Right to organize in EPZs. In its previous comments, the Committee requested the Government to provide information and statistics on the number of workers’ welfare associations (WWAs) established in EPZs and on steps taken to amend legislation so that EPZ workers may fully exercise the rights guaranteed by the Convention. In this respect, the Committee notes the Government’s indication that referendums on WWAs were carried out in 246 out of 309 enterprises, and that 154 enterprises had formed WWAs up to 8 January 2012. The Government also states that these WWAs are actively performing their activities as collective bargaining agents. The Government indicates that the Bangladesh Export Processing Zone Authority (BEPZA) has been taking all the required steps to ensure the full implementation of the new EPZ Workers’ Welfare Associations and Industrial Relations Act 2010 (EWWAIRA) by issuing letters and distributing the Act to enterprises of EPZs for establishing WWAs. The Committee notes the allegation of the ITUC that at their peak, there were roughly 90 WWAs in EPZs, and that it is not clear whether the results of the referendums are reliable and reflect a fully informed vote on the part of the workers. The ITUC alleges that WWAs have been unable to function because employers failed to follow the law (e.g. refusing to provide meeting space, refusing to allow workers to hold meetings, refusing to review grievances, refusing to bargain) and BEPZA has failed to enforce it. The ITUC alleges that, as the initial trade union leaders have left or have been fired, new leaders have not taken their places. The ITUC further alleges that the formation of many WWAs in EPZs has been at the initiative of BEPZA which, through management of the affected enterprises, circulated a document to the workers to “demand” formation of WWAs; the entire procedure was allegedly effectively dictated by BEPZA in consultation with the respective employers. The ITUC claims that such a process is not consistent with workers’ right to establish and join organizations of their own choosing. The Committee requests the Government to provide its observations on the ITUC’s comments.

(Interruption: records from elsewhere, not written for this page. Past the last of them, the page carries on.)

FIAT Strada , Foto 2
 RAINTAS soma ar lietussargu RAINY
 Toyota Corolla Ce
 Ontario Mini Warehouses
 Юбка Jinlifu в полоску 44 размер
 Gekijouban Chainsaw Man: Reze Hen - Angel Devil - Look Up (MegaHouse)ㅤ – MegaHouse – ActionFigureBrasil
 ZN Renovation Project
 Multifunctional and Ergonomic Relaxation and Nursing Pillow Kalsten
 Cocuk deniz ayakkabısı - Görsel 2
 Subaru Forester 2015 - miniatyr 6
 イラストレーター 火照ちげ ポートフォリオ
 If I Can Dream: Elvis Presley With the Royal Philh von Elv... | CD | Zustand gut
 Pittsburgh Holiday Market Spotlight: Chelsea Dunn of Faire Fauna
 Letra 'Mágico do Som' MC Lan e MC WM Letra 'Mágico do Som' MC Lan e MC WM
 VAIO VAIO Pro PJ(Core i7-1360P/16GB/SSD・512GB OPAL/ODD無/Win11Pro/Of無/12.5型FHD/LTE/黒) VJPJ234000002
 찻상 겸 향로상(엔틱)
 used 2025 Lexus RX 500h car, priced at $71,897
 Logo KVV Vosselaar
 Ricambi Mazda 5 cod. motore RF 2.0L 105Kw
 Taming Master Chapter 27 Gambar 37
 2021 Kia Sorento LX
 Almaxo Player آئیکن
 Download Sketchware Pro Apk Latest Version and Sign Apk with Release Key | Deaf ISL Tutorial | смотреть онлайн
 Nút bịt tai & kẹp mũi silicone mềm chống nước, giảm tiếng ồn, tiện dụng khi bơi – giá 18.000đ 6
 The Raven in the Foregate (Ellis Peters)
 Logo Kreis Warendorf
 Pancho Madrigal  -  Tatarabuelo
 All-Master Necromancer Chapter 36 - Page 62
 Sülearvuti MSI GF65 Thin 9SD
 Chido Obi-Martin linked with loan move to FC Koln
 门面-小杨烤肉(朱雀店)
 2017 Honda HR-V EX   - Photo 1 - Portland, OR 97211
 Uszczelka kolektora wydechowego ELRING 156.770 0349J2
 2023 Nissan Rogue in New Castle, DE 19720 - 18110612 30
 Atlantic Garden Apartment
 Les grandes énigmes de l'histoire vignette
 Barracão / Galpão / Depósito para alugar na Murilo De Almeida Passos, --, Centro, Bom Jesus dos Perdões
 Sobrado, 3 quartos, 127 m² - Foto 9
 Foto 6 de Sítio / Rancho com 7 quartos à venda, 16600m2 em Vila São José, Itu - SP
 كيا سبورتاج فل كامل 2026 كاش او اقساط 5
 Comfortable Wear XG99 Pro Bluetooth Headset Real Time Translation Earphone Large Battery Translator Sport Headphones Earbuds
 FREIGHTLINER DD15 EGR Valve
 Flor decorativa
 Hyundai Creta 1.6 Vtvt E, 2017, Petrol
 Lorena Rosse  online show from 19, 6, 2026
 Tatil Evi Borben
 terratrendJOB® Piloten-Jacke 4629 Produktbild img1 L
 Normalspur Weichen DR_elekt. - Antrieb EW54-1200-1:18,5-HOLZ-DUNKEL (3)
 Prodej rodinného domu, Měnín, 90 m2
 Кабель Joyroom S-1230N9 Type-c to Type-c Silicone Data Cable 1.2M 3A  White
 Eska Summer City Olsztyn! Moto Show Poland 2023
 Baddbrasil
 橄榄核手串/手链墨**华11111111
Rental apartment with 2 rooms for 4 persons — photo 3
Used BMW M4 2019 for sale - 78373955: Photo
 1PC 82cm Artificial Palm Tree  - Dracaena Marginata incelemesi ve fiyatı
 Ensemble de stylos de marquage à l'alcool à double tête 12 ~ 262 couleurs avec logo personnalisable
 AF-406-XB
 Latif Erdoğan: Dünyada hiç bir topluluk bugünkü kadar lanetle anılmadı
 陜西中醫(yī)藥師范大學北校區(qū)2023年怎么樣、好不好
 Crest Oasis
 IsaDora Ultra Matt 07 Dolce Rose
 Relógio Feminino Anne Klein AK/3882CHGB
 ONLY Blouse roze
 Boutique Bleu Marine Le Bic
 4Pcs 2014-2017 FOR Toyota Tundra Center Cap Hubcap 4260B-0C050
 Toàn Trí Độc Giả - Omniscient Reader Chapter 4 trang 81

The Committee further recalls that it had previously commented on the EPZ Workers’ Associations and Industrial Relations Act 2004, which contained numerous and significant restrictions and delays in relation to the right to organize in EPZs, and that it had noted with deep regret the adoption of the EWWAIRA which does not contain any real improvement in relation to the previous legislation and which does not address any of its previous comments.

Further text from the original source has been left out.